Las ruinas destapadas hasta el momento (unas termas, una casa señorial o domus, y sobre todo, el teatro, parcialmente reconstruido) permiten visualizar las calles que existieron, el foro de las discusiones, las columnas sustentadoras de una civilización perdida, sobre la tierra oblicua, que hoy sirve de pasto a un rebaño de ovejas. Subiendo entre cardos, llegamos al espectacular muro del teatro, cuyos arcos trazados con sillares, nos hacen pensar en una cerradura en el cielo. Excavado en la roca a la manera griega, comprendemos perfectamente cómo la piedra ha cambiado de lugar: lo que falta en la cávea ha construido la escena. La materia de Hades ha sido cedida a Apolo. Allí se representaron -imaginamos- las comedias de Plauto y las tragedias de un autor que nació a muy pocos kilómetros de allí, Lucio Anneo Séneca.
Si subimos un poco más, desde del teatro, hasta la pequeña empalizada que termina en un abrupto cortado, el horizonte nos hace pensar en Córdoba. En realidad, vemos los valles del Guadalquivir, hacia al Norte. Y justo enfrente la sierra de Malaver, donde nació Diego de Malaver, fraile y humanista que escribió sobre Acinipo en 1609: “Está su sitio todo lleno de grandes antigüedades(…), mármoles de jaspe y piedras con letreros y se han hallado siempre desde que se ganó esta tierra a los moros, y se hallan hoy infinito número de monedas de plata y de cobre de los emperadores romanos y de antes de ellos”.

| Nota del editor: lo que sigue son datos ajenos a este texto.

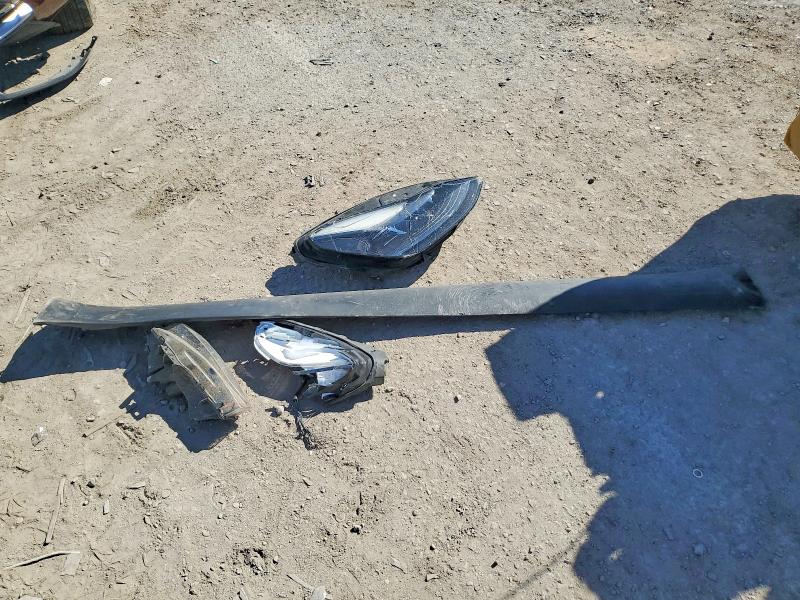 63513556 :رقم المزاد ، 7SAYGDEF3NF416347 vin ، 2022 Tesla Model Y مزاد بيع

Los tesoros de Acinipo desaparecieron a lo largo de los siglos, en las manos furtivas del expolio. Se habla de mansiones construidas con columnas de Ronda de Vieja, patios donde moran sus soñolientas estatuas. Se habla de que los añicos de la ciudad han sido repartidos por el mundo gracias a los traficantes de antigüedades. Una ciudad desperdigada que construye, anónima, otras ciudades del planeta. No volverá a suceder. La Junta de Andalucía protegió en 2011 la zona arqueológica de Acinipo (el teatro fue declarado monumento nacional en 1931), para recuperar el patrimonio y construir en el futuro, esperamos, un centro de interpretación del yacimiento.
Mientras tanto, nos queda el esplendor de aquella tierra, bajo el carácter único de cada estación. Hay Acinipo de invierno, gélido y verde. En verano es un azote amarillo, salvo al atardecer, donde se vuelve púrpura y eterno. Enfrente, afiladas, las sierras de Grazalema parecen el muro de un anfiteatro colosal, que convierten la meseta de Acinipo en otro proscenio (donde el sublime y ruinoso teatro hace de principal decorado).
Aquí se representaron generaciones de vidas ante la energía inigulable del lugar, una civilización tras otra: turdetanos, iberos, romanos, musulmanes de Alándalus, cristianos, buscadores de tesoros, andaluces campesinos, y aquellos que, pasando, solo se sentía gente que pasaba. Poderosos y humildes, místicos, ascetas, ciudadanos, apátridas. Antiguos, y nuevos que hoy cultivan viñedos que dan un vino de fama creciente. La misma historia repetida y entreverada bajo el viento, en el teatro. Acinipo, decimos. Y el eco retumba entre montañas.